Source data:
━━━━━━━━

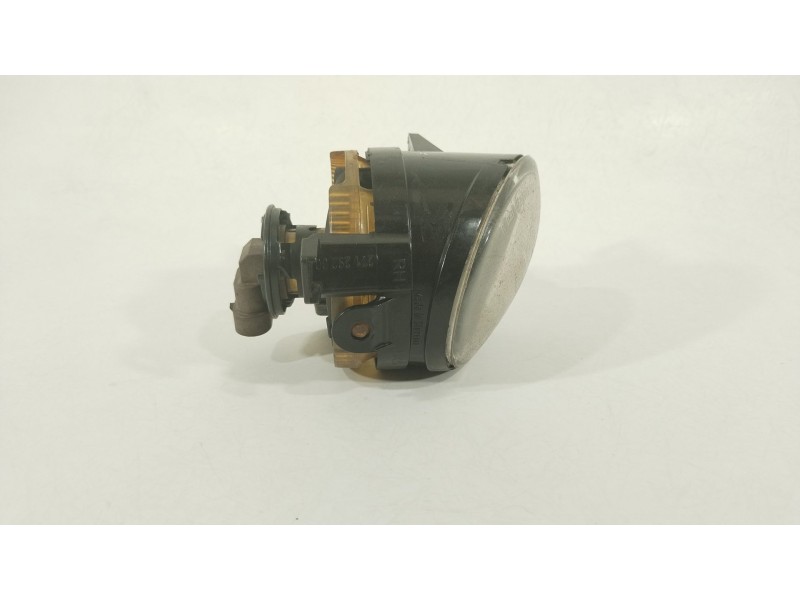 Recambio de faro antiniebla derecho para volkswagen golf v (1k1) 1.4 16v referencia OEM IAM 1T0941700H  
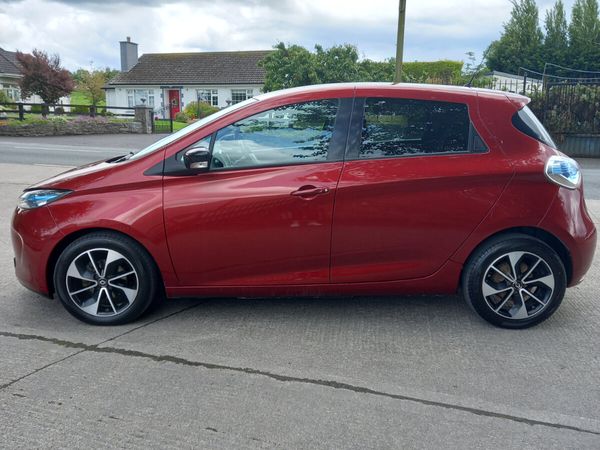 Renault Zoe Hatchback, Electric, 2018, Red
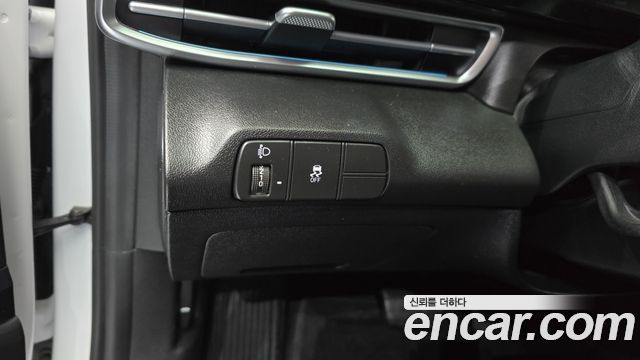 Hyundai AVANTE 2024 — photo 16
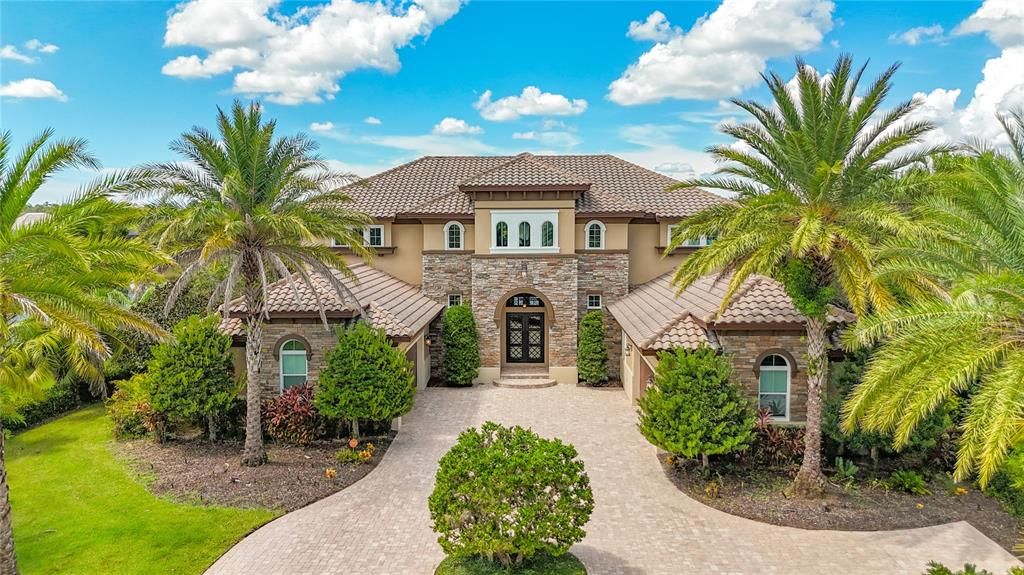 For Sale: $3,290,000 (5 beds, 6 baths, 5161 Square Feet)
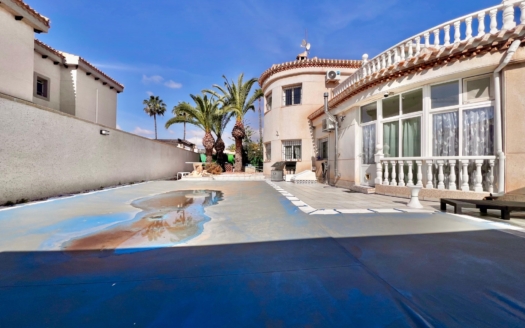 Villa in Orihuela Costa – EE11625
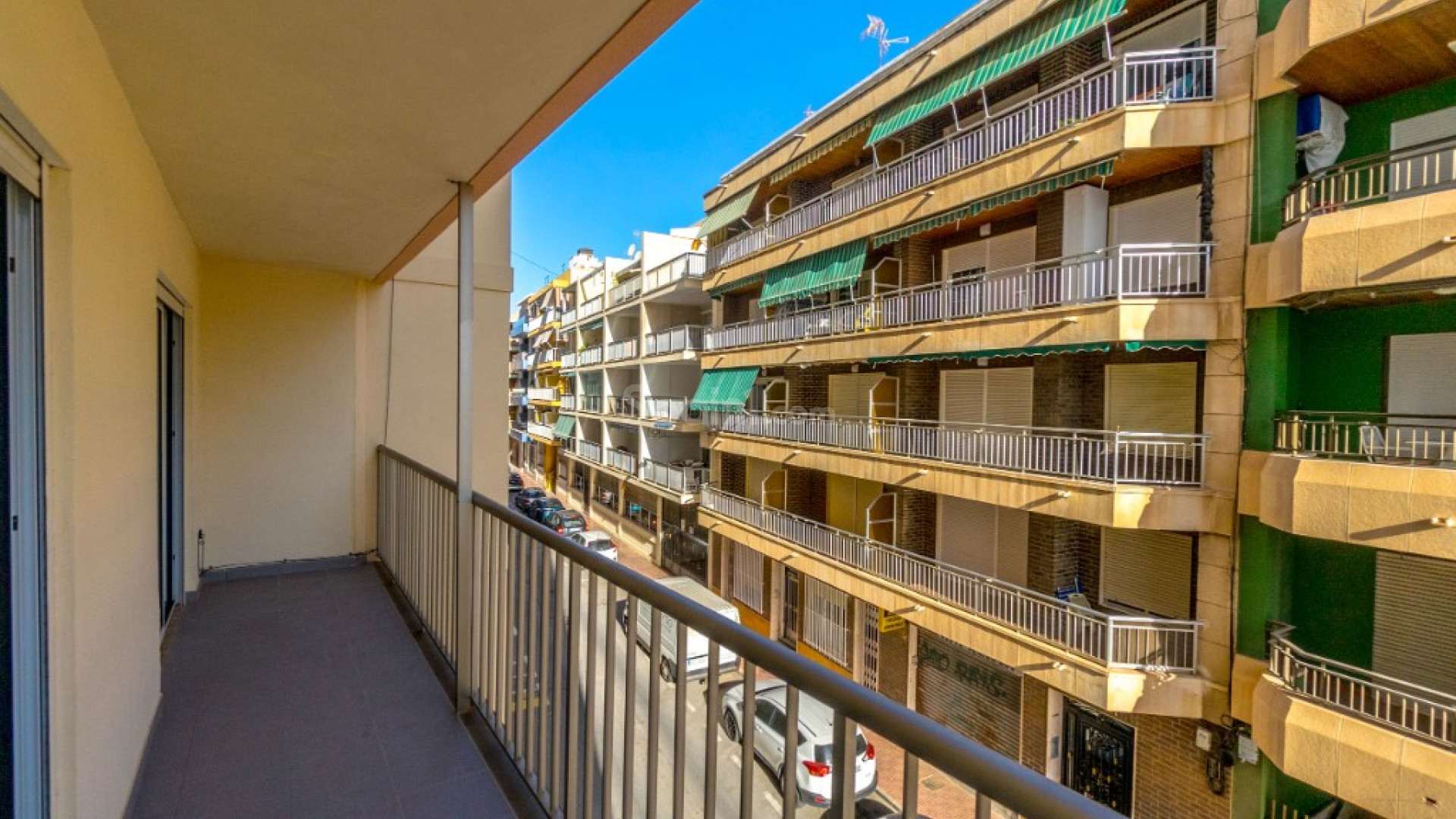Resale - Apartment -
Torrevieja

━━━━━━━━

▶ [Problem requirements] Exactly as written, set down each line of the records, leaving out the pictures.

▶ [Expected answer]
 Recambio de faro antiniebla derecho para volkswagen golf v (1k1) 1.4 16v referencia OEM IAM 1T0941700H  
 Renault Zoe Hatchback, Electric, 2018, Red
 Hyundai AVANTE 2024 — photo 16
 For Sale: $3,290,000 (5 beds, 6 baths, 5161 Square Feet)
 Villa in Orihuela Costa – EE11625
Resale - Apartment -
Torrevieja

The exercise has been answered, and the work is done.